While I will not attempt to conjecture at the processes behind each of the dishes we quite literally devoured, I will gladly share the few techniques about which I did learn, along with the images and my own personal descriptions to the extent my comprehension of this culinary field will allow.  Let it be said, up front, that we perpetually laughed at almost every dish in astonishment, desperately attempted to restrain ourselves by slowly savoring each exquisite flavor profile, and really only spoke to one another in dumfounded interjections like Wow! Holy cow! Incredible! for the lack of intelligible, readily accessible vocabulary.  I think my favorite point in our interaction was when Denise simply looked up from her plate and grinned at me before declaring, "God, I love great food!"  Reassuring to hear from a slim and fit dining companion who regularly runs marathons at various destinations around the world (where her post-run itinerary revolves around some of the most acclaimed restaurants on the globe).  When I grow up, and finally find that delicate balance between fitness and food, I hope to be like Denise (minus the godawful marathons).

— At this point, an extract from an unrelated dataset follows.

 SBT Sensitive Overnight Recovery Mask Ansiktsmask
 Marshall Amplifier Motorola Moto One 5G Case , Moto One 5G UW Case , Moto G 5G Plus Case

Dinner service commenced with a large wooden trough of sesame flatbreads, deceitfully simple.  Like crispy and savory elephant ear pastries, these seeded crisps were surprisingly addictive, each layered with thin and brittle sheets of flatbread.

The liquid component of my meal was ushered in by a Perilla Ponche, or mint punch of rum, pineapple, and shiso, the result: a dangerously and deliciously drinkable pineapple mojito.  I finished the first embarrassingly quickly, and immediately ordered a second.

Our amuse-bouche was a crudo of tender and delicate spanish mackerel with shisito pepper and shiso.  The ruby orb beneath is not a grape tomato, but rather a dollop of sweet watermelon gelee.  The result, a fresh and clean minty, peppery, tangy palate and appetite awakener.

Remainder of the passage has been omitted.